*Your instructions*
Exercise in exact copying: restate word for word only the lines below from the one containing "Capa O Paradoxo de Atlas" through the one containing "Update in Claudication", omitting any pictures.

*Source material*

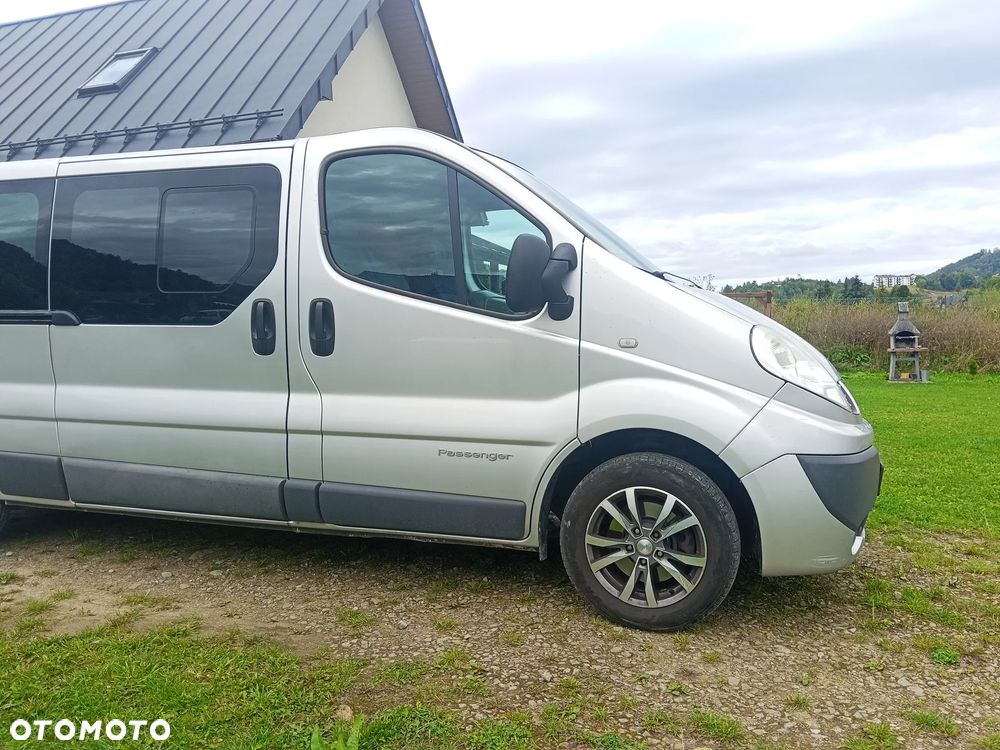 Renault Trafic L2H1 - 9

--

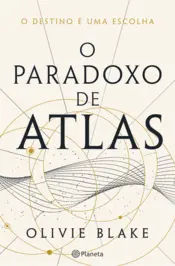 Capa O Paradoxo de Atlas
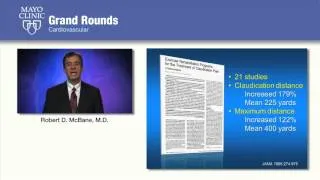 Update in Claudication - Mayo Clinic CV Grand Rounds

*Solution for this task*
 Capa O Paradoxo de Atlas
 Update in Claudication - Mayo Clinic CV Grand Rounds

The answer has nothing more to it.